Bridgestone Adelaide Celebrates 81 Years History With New Headquarter

(Bridgestone HQ - 210 Greenhill Road, Eastwood, SA)

Bridgestone is structuring a new head office in Adelaide, stating the company want to retain its commitment to the city where the company had started in 1939 under the name: SA Rubber Mills.

Bridgestone Adelaide's managing director, Stephen Roche, said the decision behind for the company still to remain the head office in Adelaide because they want to show support to the state and its people whom have helped shaped the company over 81 years of its existence until today.

“We’re charmed to commit to the next phase of Bridgestone Australia and New Zealand’s history in Adelaide, and continue our history in South Australia from a brand-new corporate headquarters. South Australia has been the pivot of Bridgestone’s operations in Australia since the beginning, and we’re delighted to continue to give back to the state that shaped the company we are now,” he said.
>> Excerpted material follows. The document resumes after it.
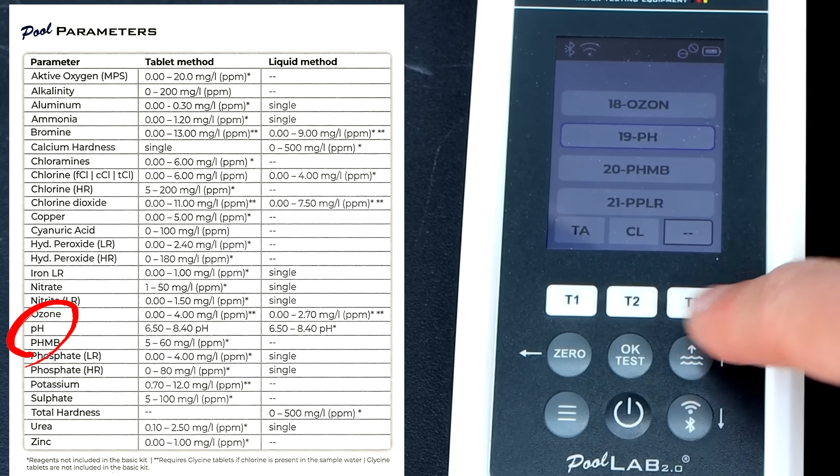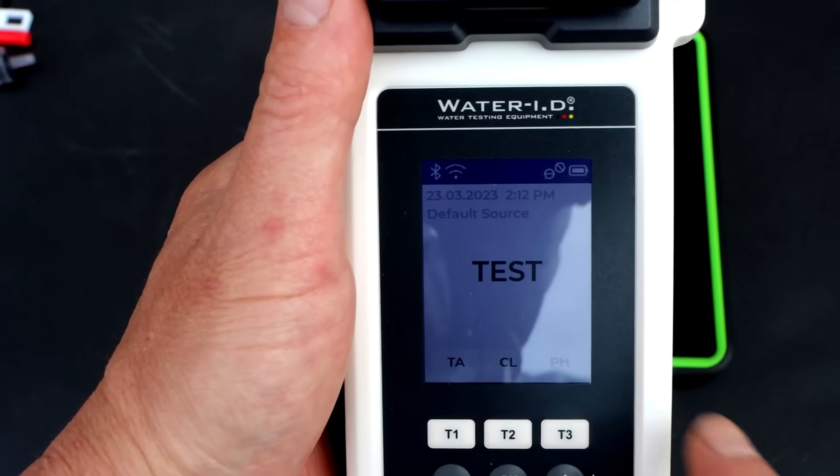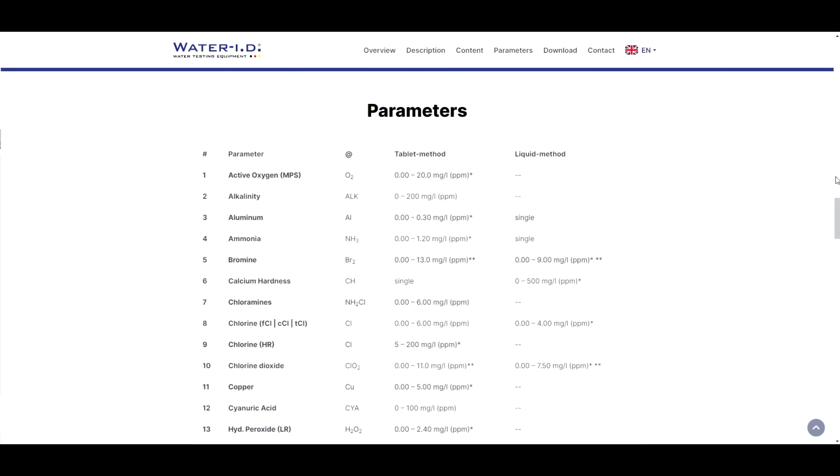You can see there are a lot of test factors available. I have total alkalinity, chlorine, and pH indicated at the bottom. There are some test parameters that you definitely would want to order the tablets for.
The building is conjectured to be completed later this year, is currently under construction at 210 Greenhill Road, Eastwood, Adelaide’s inner south. The construction follows the company’s 80th anniversary last year with a lineage back to 1939. The company had evolved and advanced to become Uniroyal Tyres before developing into Bridgestone Australia in 1981.

Its history had seen the company be the sole rubber supplier to the Holden cars, manufactured in Australia, in 1948.

Bridgestone’s investment in South Australia would go beyond than tyres and business operations, that means the company will continue supporting to a network of community initiatives throughout the state.

The company has seen be a long term partnership with Leukaemia Foundation and a partner of the charity’s patient support village in Adelaide. In November last year, the site, which had been once the former Bridgestone’s tyre factory, was turned into an athletics track. The 6.8 hectare site has been named Bridgestone Reserve, has a fitness trail, grassed ovals, a toilet block, carpark, barbecue and picnic areas. The site was donated to City of Salisbury when Bridgestone closed its plant in 2010, and then transformed into a 400-metre athletics track. Bridgestone said the donation of the land to the City of Salisbury echoed the sentiments of Bridgestone’s founder, Mr. Shojiro Ishibashi, whose name translated to Stone Bridge, who always aimed to benefit the society through the provision of sporting facilities for the community around its original factory based in Kurume, Japan.